Scenario: the last voyage of the Titanic
As an eager marine archaeologist, you have an unusually keen interest in maritime disasters. Late one night while scrolling between images of whale bones and ancient scrolls about Atlantis, you come across a public dataset listing people known to be on the Titanic during its first – and last – voyage. Captured by the balance between fate and chance, you ponder – what were the factors that dictated whether a person survived this famous shipwreck? Data from this period are slightly patchy – a lot of information for certain passengers is unknown. You’ll need to find ways to patch up this data before analyzing it in full.

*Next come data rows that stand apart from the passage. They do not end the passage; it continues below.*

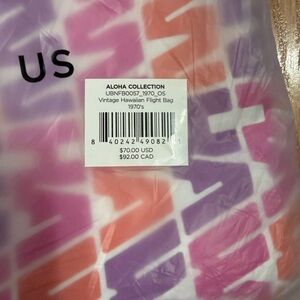ALOHA Collection Pink and Purple Travel Vintage Hawaiian Flight Bag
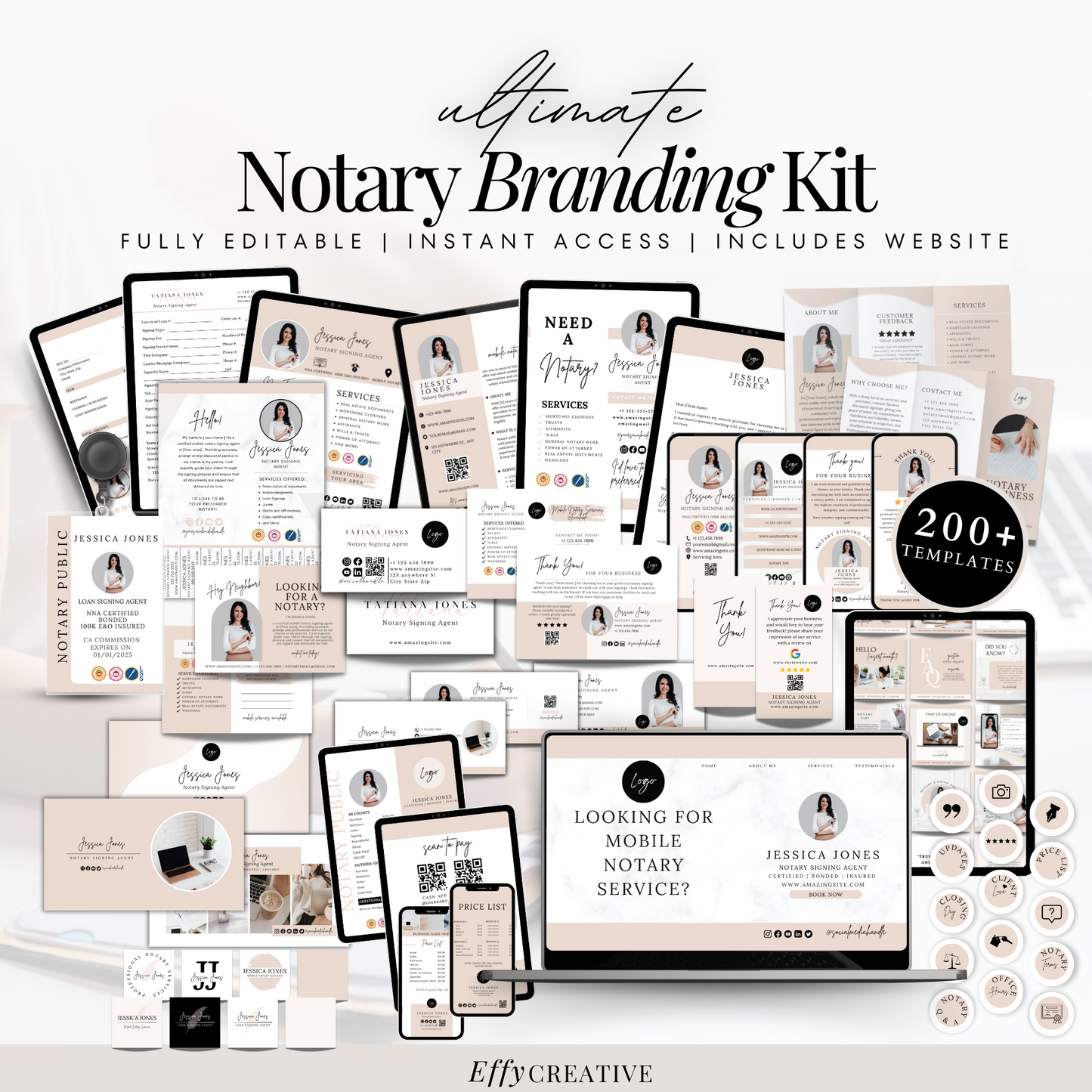 Ultimate Notary Branding Kit – Beige Neutral Aesthetic Templates for Social Media + Marketing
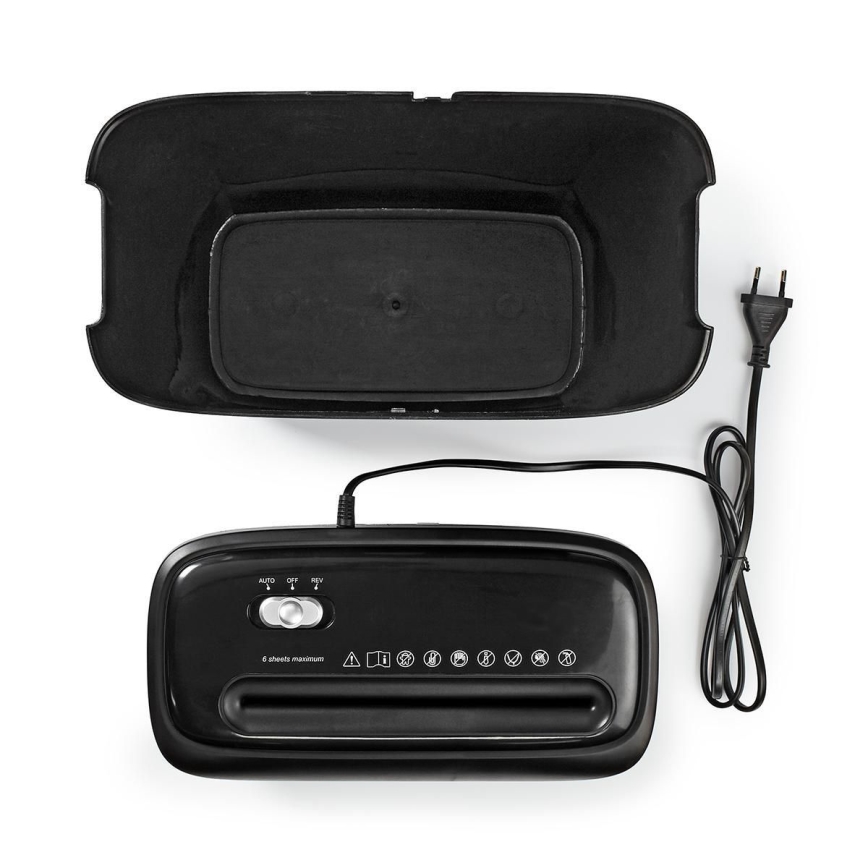 Nedis PASH120BKA4 - Iratmegsemmisítő A4  térfogat 12 l 230V fekete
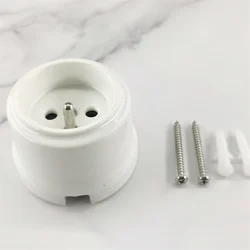 Vintage Retro Porcelain Ceramic Electrical Surface-Mounted French Wall Socket 250V,16A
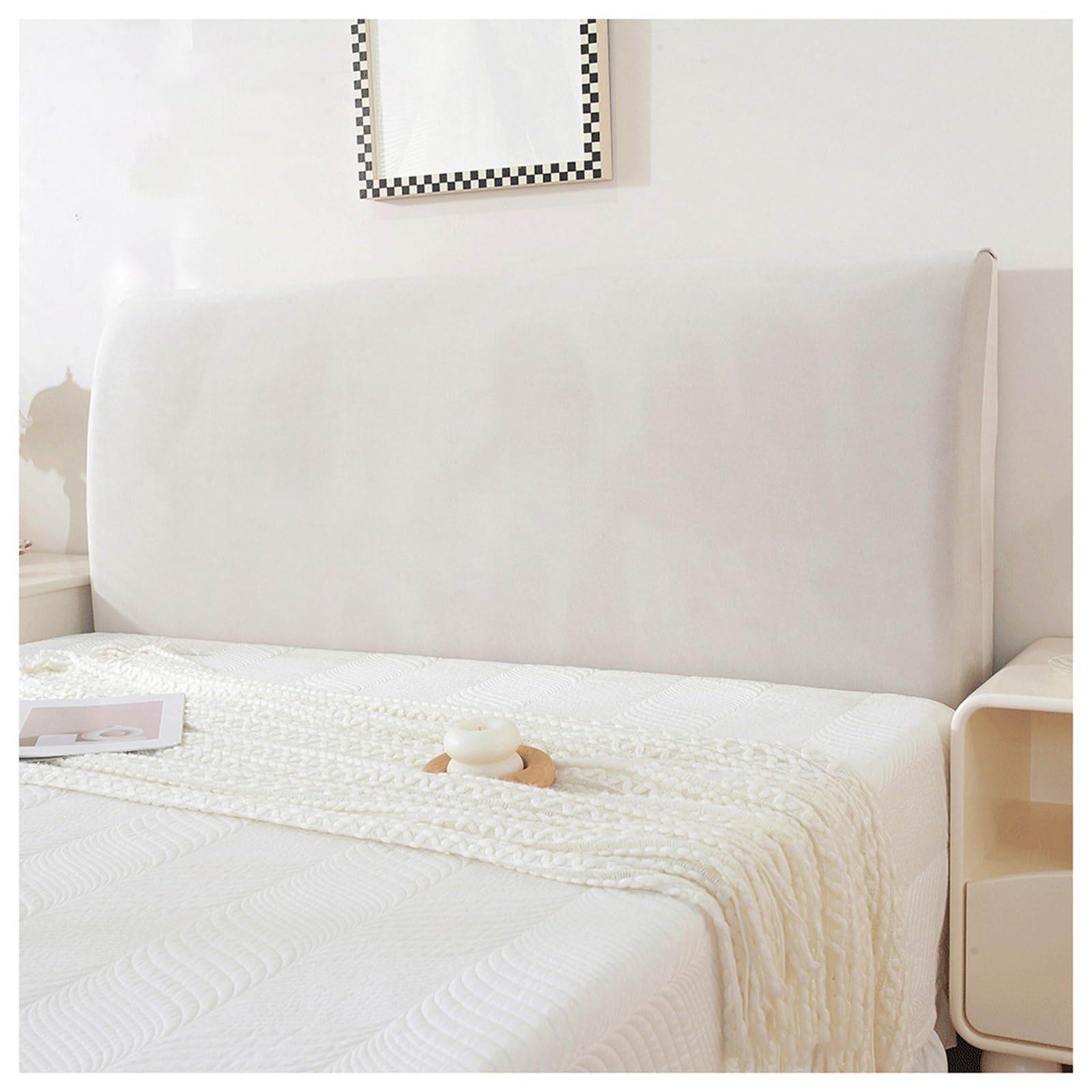 Copritestiera In Velluto per Letto Matrimoniale Standard (Queen Size) Copritestiera Elasticizzato Morbido Velluto Antipolvere Protezione per La Camera Da Letto (Argento 180X80 cm/71X31,5 Pollici)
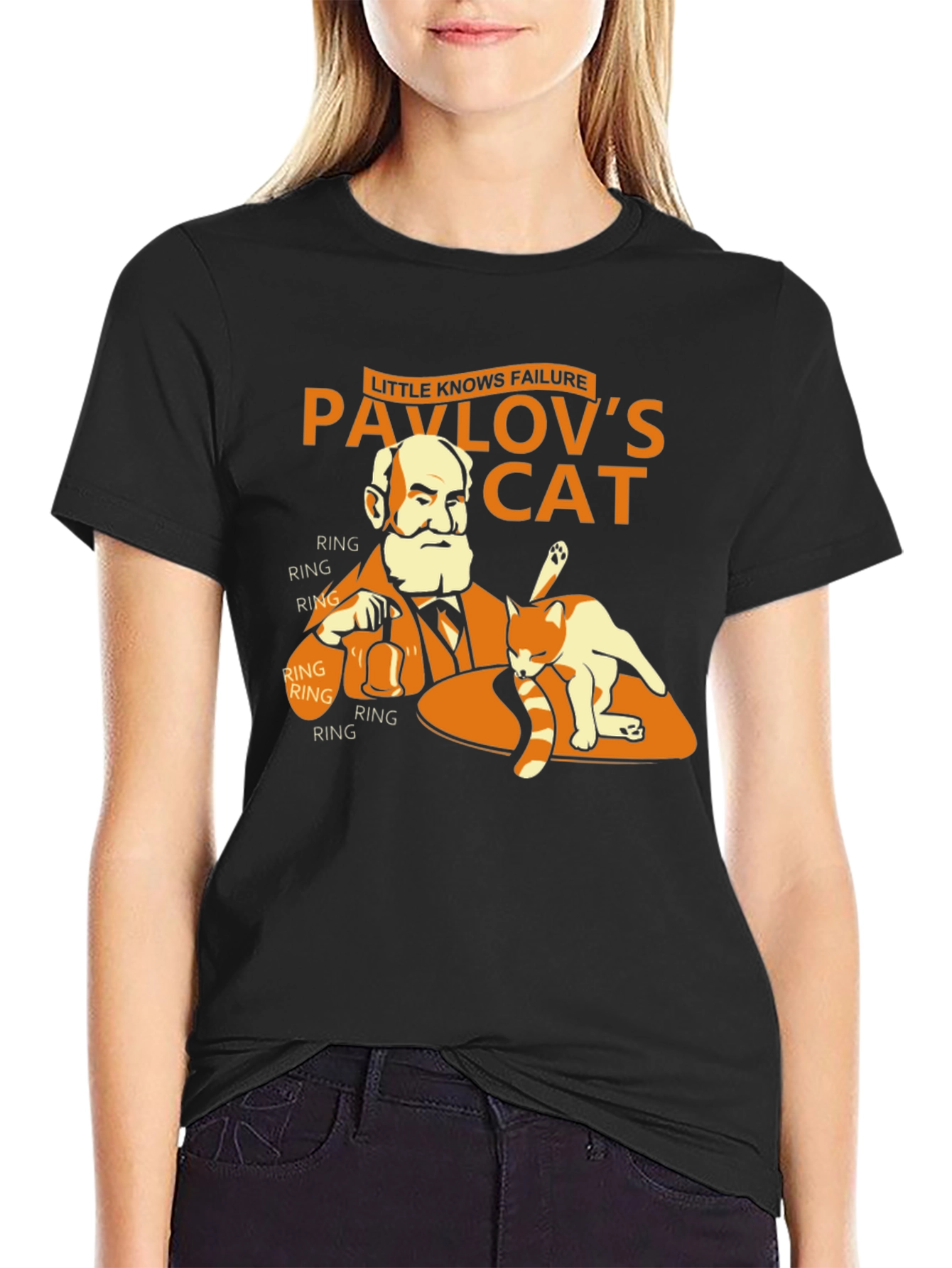 Black Pavlov's Cat T-Shirt - Funny Psychology Humor Tee view 2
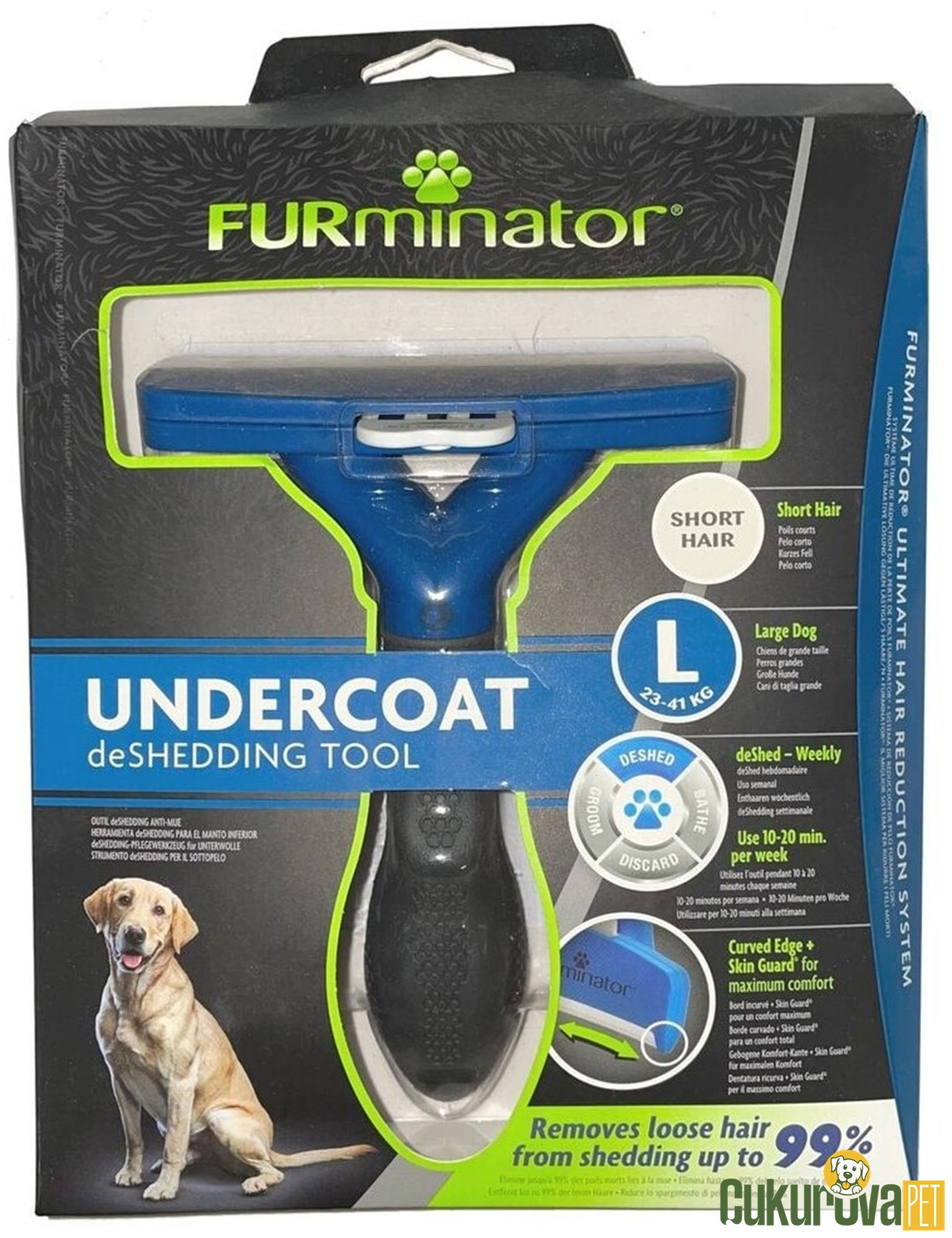 Furminator UnderCoat Short Hair Kısa Tüylü Köpek Tarağı L - 9.5 Cm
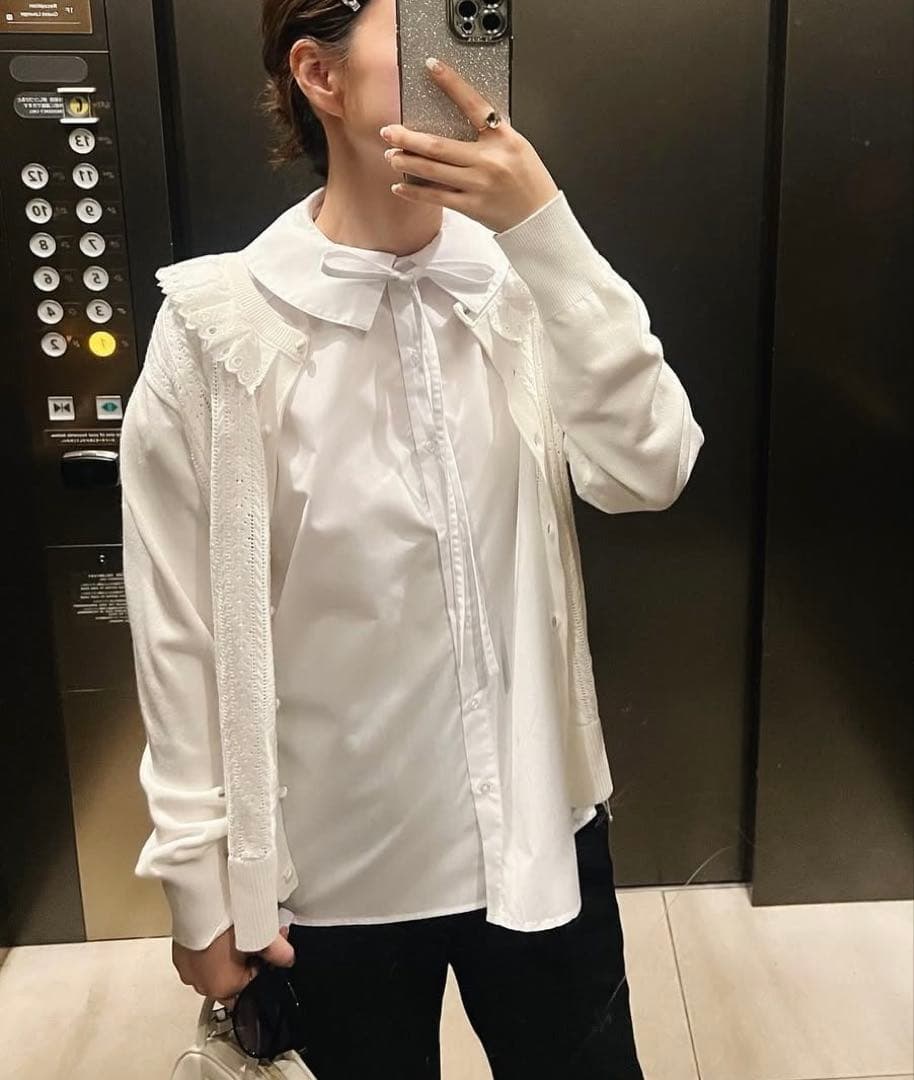 アンミヌ　アームギャザーリボンブラウス(White)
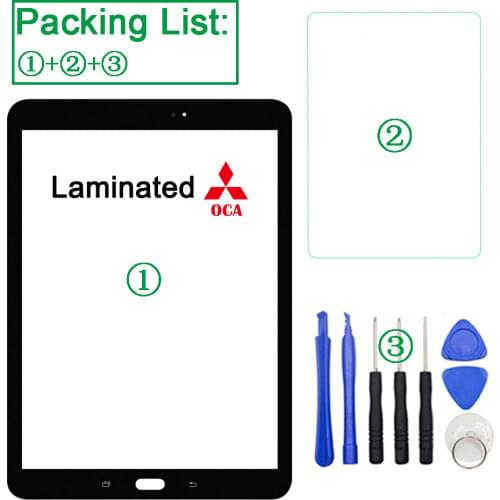 With OCA For Samsung Galaxy Tab S2 9.7 2015 T810 T815 T813 T819 Front Touch Screen Digitizer Panel Glass Sensor Replacement
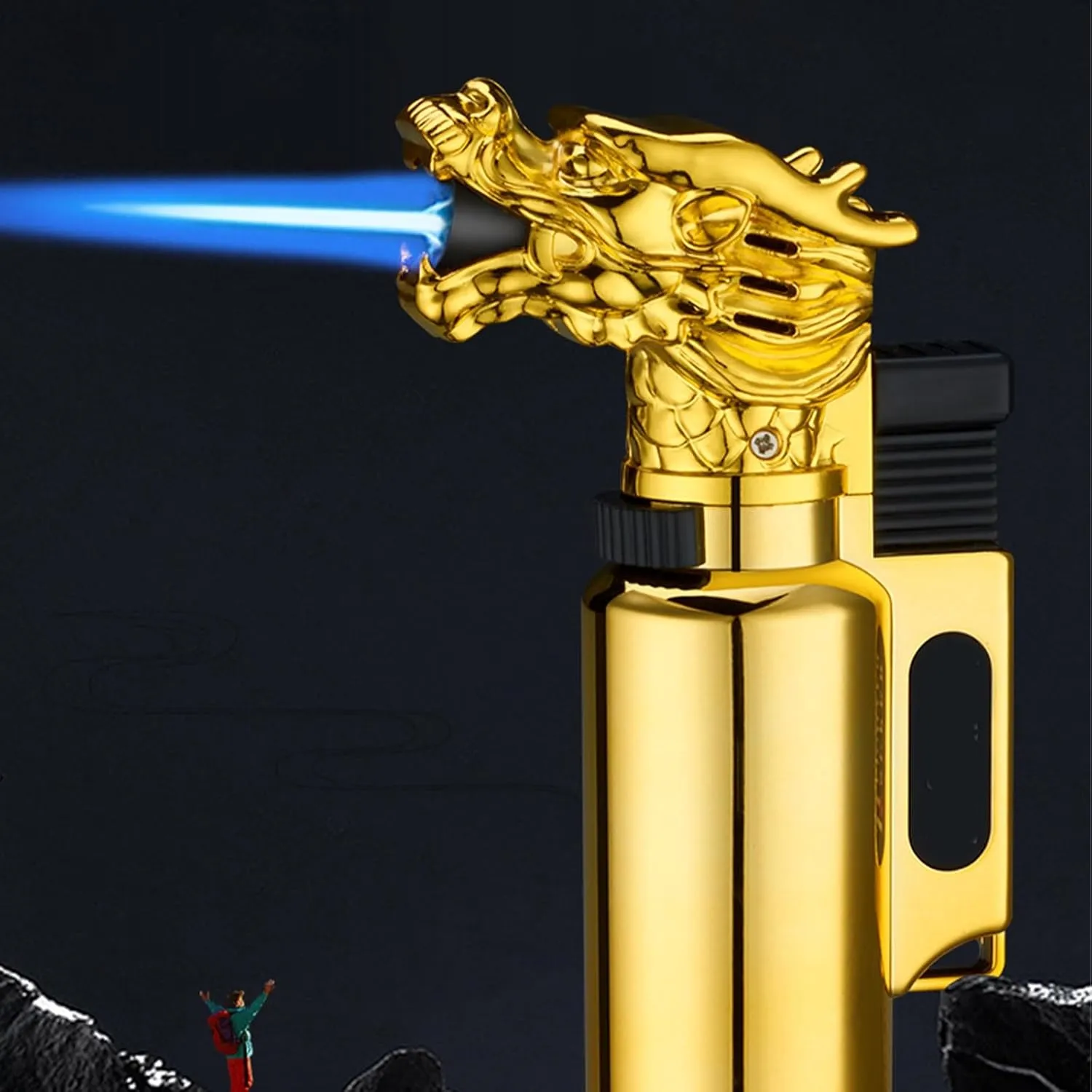High Temperature Resistant Lighter, Adjustable Flame Size, Lockable Flame, Windproof, Outdoor and high Temperature Resistant Butane refillable Lighter(B)
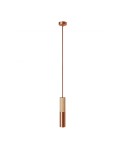 Lampe à suspension Made in Italy avec câble textile et double abat-jour Tub-E14 en bois et métal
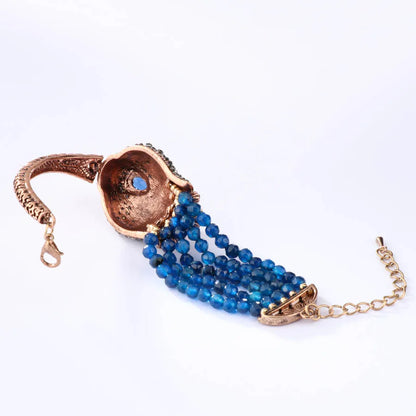 Kinel Natural Stone Crystal Beads Bracelet For Women Antique Gold Covered With Crystal Blue Punk Rock Bracelet Gift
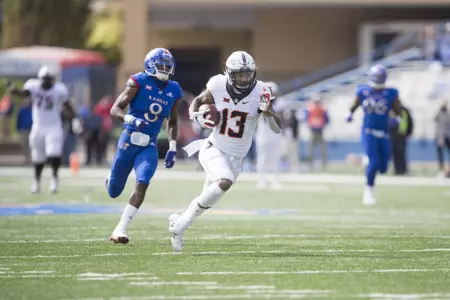 Image Taken at the Kansas Jayhawks vs Oklahoma State Cowboys Football Game, Saturday, September 29, 2018, Memorial Stadium, Lawrence, KS.  Bruce Waterfield/OSU Athletics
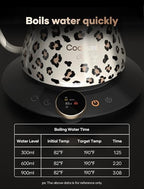 Cocinare Oat Leopard Gooseneck Electric Kettle & Pour Over Coffee Set, ±0.5°F Temperature Control, 1500W 0.9L Kettle, Coffee Dripper, 550 ml / 18.6 oz Server & 2 Tasting Cups - Image 5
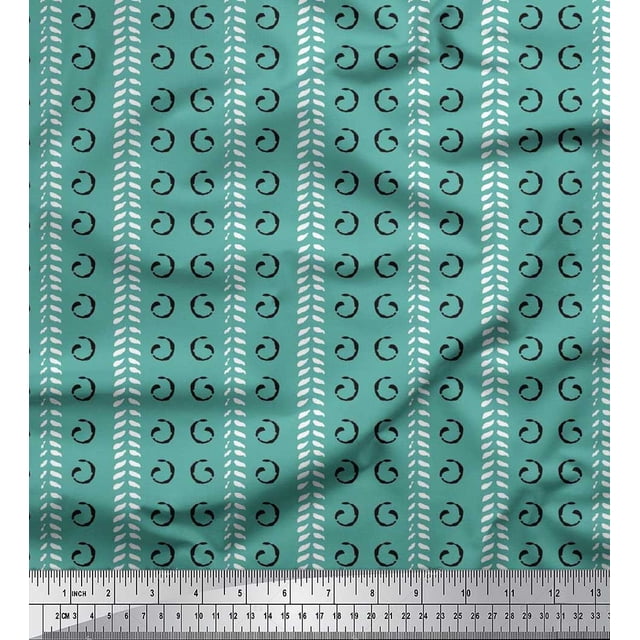 Soimoi Crepe Silk Fabric Leaves & Swirl Block Printed Craft Fabric by The Yard 42 Inch Wide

#Titanic Dataset - Find and Visualize Missing Data

It is quite common for datasets to have data missing, which can cause problems when we perform machine learning. Missing data can be hard to spot at a first glance.

Recall our scenario - we have obtained a list of passengers on the Titanic's failed maiden voyage and would like to try to figure out which kinds of things predicted whether a passenger would survive. Our first task, which we'll perform here, is to check whether our dataset has missing information.

## Preparing data

Let's use Pandas to load the dataset and take a cursory look at it:


In [1]:
import pandas as pd
!pip install missingno

# Load data from our dataset file into a pandas dataframe
!wget https://raw.githubusercontent.com/MicrosoftDocs/mslearn-introduction-to-machine-learning/main/Data/titanic.csv
!wget https://raw.githubusercontent.com/MicrosoftDocs/mslearn-introduction-to-machine-learning/main/graphing.py
dataset = pd.read_csv('titanic.csv', index_col=False, sep=",", header=0)

# Let's take a look at the data
dataset.head()


Defaulting to user installation because normal site-packages is not writeable
Collecting missingno
  Using cached missingno-0.5.1-py3-none-any.whl (8.7 kB)
Collecting seaborn
  Downloading seaborn-0.12.2-py3-none-any.whl (293 kB)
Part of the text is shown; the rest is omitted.